This is an archive of the discontinued Mercurial Phabricator instance.

transaction: split new files into a separate set
ClosedPublic

Authored by joerg.sonnenberger on Nov 7 2020, 4:32 PM.

Details

Summary

Journal entries with size 0 are common as they represent new revlog
files. Move them from the dictionary into a set as the former is more
dense. This reduces peak RSS by 70MB for the NetBSD test repository with
around 450k files under .hg/store.

Diff Detail

Repository
rHG Mercurial
Lint
Automatic diff as part of commit; lint not applicable.
Unit
Automatic diff as part of commit; unit tests not applicable.

Event Timeline

Why do we have to maintain the in-memory records at all? Don't we write these to the journal and journal.backupfiles files? What's wrong with reading this file handle? We only need to perform a findoffset() when incurring a split revlog or during rollback, right? Is there a noticeable performance overhead to performing that linear scan?
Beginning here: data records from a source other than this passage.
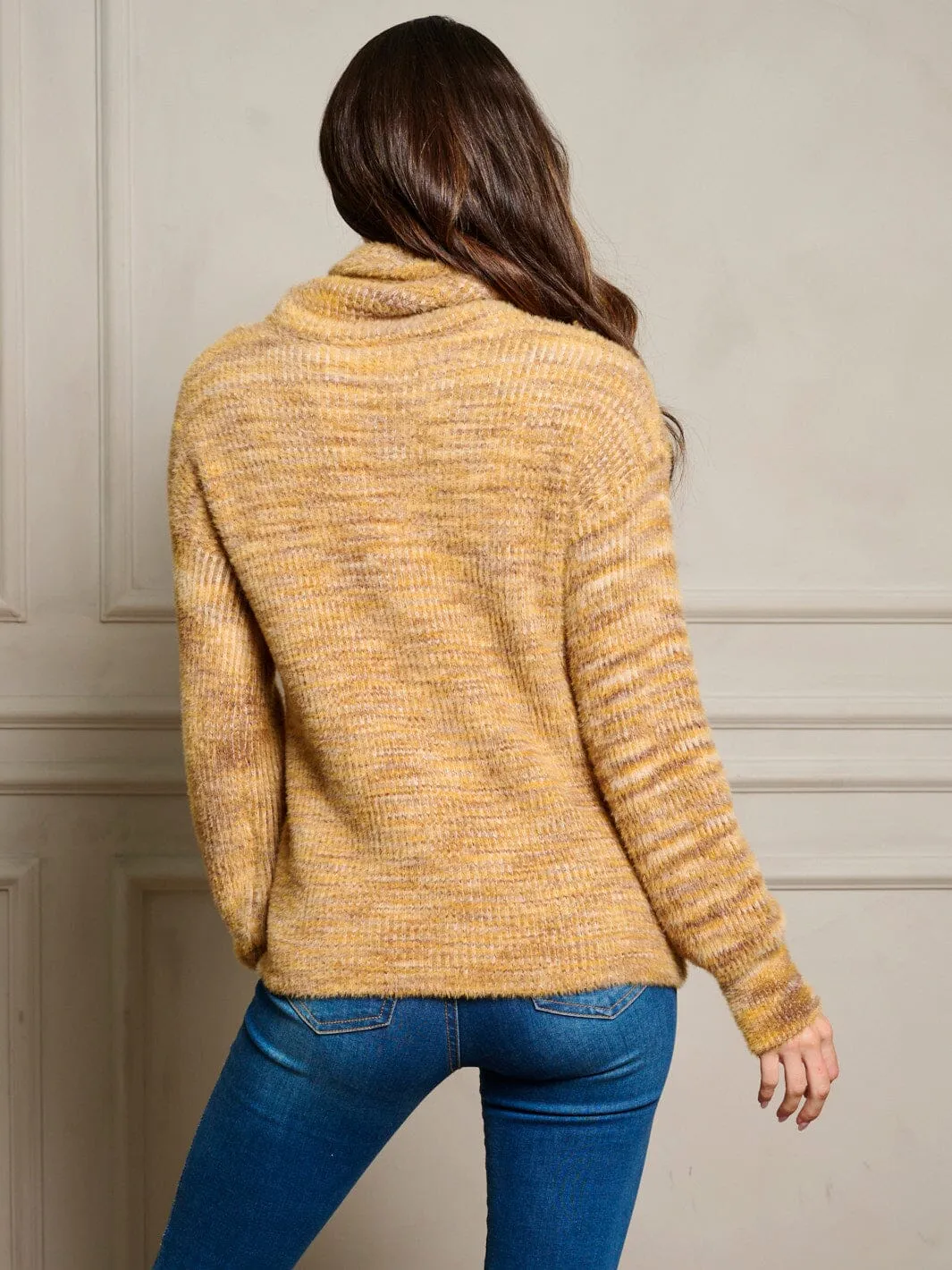 WOMEN'S LONG SLEEVE TURTLE NECK PULLOVER SWEATER
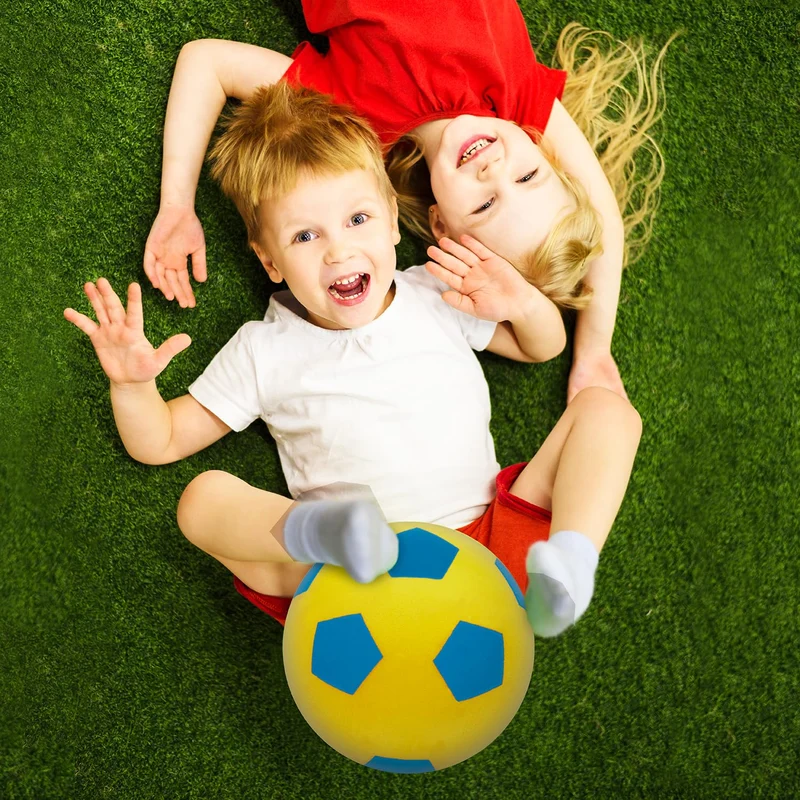 Mondo Toys - SOFT FOOTBALL 200 - Pallone di spugna diametro 20 cm - 1 palla morbida - colori misti - 07852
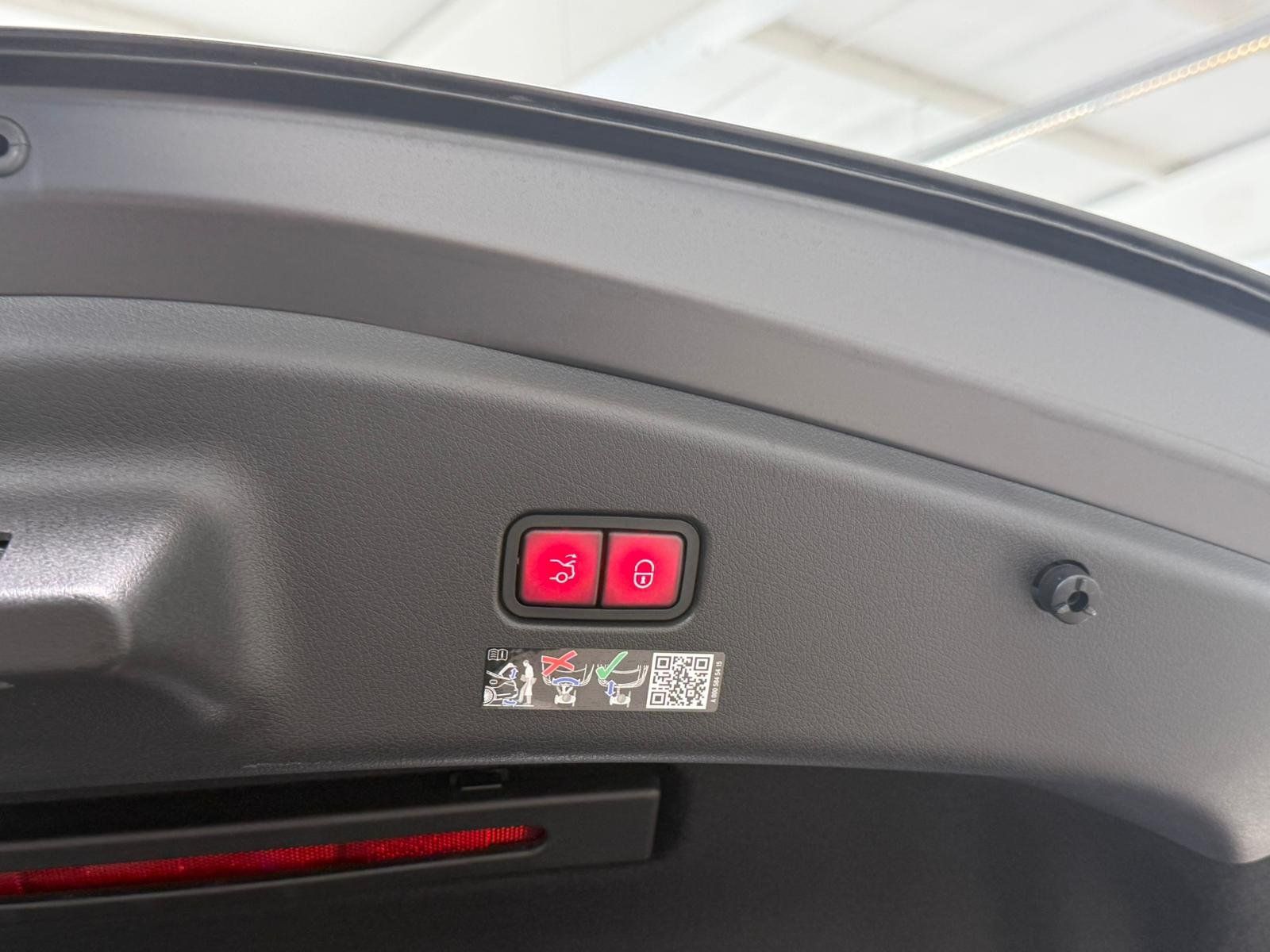 Fahrzeugabbildung Mercedes-Benz CLE53 4M+ DYN.PLUS+CARBON+DRIVERS+DLIGHT+HUD+FAP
I've been wondering about that question as well. In theory, we could run into O(n^2) behavior when there are many files that end up being split. I've decided to take the step back from the full dropping in D9237 as most transactions are much smaller than the initial clone and therefore are not as sensitive to the memory use.

This revision was not accepted when it landed; it landed in state Needs Review.
This revision was automatically updated to reflect the committed changes.